図7に示すように、縦補助鋼材40は、護岸30の上部に設置される略矩形形状の板状部材である上端部材43と、水路15の底部に設置される2つの下端部材44を有する。ここでは、上端部材43の一方の長辺両端部2箇所にそれぞれ接続する下端部材を44a、44bとして図示している。上端部材43と下端部材44a、44bは、平面視で略矩形形状の上端部材43の一方の長辺両端部2箇所から上端部材43と直交する方向に伸びる2本の接続部材45によってそれぞれ接続している。下端部材44(44a、44b)は接続部材45に対し直交し、且つ、平面視で上端部材43とは逆の方向に向かって突出する形状を有している。
【0036】
また、下端部材44a、44bには、互いに対向する2つの下端部材44a、44bに向かう方向に突出する突出部46a、46bが設けられ、それら突出部46a、46bの略中央上面には、鉛直方向上方に板状に伸びる位置決め部材47a、47bが設けられている。

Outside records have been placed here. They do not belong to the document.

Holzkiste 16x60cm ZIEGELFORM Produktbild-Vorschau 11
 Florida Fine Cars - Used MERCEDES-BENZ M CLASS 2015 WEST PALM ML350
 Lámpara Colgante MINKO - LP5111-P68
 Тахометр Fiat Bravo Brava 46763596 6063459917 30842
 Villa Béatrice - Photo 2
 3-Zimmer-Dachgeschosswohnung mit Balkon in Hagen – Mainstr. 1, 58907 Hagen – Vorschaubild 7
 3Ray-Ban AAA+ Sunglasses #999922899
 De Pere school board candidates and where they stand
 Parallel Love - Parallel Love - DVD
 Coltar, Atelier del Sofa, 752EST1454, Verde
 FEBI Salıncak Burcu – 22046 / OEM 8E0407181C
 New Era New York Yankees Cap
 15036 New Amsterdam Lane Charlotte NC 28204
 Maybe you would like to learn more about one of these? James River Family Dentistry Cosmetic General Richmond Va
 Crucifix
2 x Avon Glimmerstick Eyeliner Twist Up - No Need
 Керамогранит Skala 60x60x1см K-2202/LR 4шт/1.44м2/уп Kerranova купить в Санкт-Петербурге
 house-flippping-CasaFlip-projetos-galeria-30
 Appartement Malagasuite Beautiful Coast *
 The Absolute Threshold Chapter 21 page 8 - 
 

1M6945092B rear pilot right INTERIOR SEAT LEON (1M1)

図3を参照して上述したように、突出部46a、46bの上面には底版支梁材50が設置され、位置決め部材47a、47bはその際の底版支梁材50の位置決めを行うのに用いられる。
【0037】
なお、
図7に示す縦補助鋼材40の構成は一例であり、本発明はこれに限られるものではない。即ち、縦補助鋼材40は、護岸30及び水路15の底部に亘って設置され、回転してしまうといった位置ずれ等が生じないような構成の部材であれば良く、底版支梁材50を好適な位置に位置決めし、固定させることが可能な構成の部材であれば良い。
【0038】
(底版支梁材の構成)
上記底版支梁材50の構成の一例について説明する。
図8は底版支梁材50の概略斜視図である。
図8に示すように、底版支梁材50は、長尺の接続部材53と、当該接続部材53の長手方向両端部に設けられる親杭支持部材54、55からなる。親杭支持部材54、55は、鉛直方向に貫通穴50a、50bが形成された中空の角筒形状を有している。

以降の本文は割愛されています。